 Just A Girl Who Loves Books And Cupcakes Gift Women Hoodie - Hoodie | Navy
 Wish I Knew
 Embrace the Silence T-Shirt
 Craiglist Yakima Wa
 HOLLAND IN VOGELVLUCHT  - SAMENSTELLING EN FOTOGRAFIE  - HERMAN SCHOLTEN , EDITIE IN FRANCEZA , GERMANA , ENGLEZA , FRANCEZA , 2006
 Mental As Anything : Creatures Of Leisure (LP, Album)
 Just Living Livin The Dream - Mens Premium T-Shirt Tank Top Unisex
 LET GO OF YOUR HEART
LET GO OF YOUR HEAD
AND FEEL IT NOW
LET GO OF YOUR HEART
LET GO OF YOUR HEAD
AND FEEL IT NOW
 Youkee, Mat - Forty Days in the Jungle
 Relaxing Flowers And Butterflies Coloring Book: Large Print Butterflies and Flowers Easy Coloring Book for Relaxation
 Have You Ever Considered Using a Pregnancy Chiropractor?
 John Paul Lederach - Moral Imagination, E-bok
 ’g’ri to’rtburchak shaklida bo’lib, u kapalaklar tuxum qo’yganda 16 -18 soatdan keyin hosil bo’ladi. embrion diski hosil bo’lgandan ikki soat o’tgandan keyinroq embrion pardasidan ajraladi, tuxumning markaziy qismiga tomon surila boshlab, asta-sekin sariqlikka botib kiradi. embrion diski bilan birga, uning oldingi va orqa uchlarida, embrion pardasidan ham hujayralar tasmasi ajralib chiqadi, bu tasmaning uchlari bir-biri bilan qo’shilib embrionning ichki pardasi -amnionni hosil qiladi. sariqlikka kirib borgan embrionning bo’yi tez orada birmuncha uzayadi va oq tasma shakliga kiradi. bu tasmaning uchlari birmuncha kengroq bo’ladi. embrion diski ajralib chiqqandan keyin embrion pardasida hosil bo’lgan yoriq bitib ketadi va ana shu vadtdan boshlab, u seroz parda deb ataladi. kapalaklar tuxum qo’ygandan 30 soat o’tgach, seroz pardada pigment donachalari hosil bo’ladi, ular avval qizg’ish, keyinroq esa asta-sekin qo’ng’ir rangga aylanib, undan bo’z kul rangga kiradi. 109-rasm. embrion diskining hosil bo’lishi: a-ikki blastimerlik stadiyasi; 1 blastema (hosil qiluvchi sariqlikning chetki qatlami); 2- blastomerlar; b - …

....................

Look above for the line with "Relaxing Flowers And" and the line with "John Paul Lederach". Retype those two lines and every line between them exactly, adding nothing.

 Relaxing Flowers And Butterflies Coloring Book: Large Print Butterflies and Flowers Easy Coloring Book for Relaxation
 Have You Ever Considered Using a Pregnancy Chiropractor?
 John Paul Lederach - Moral Imagination, E-bok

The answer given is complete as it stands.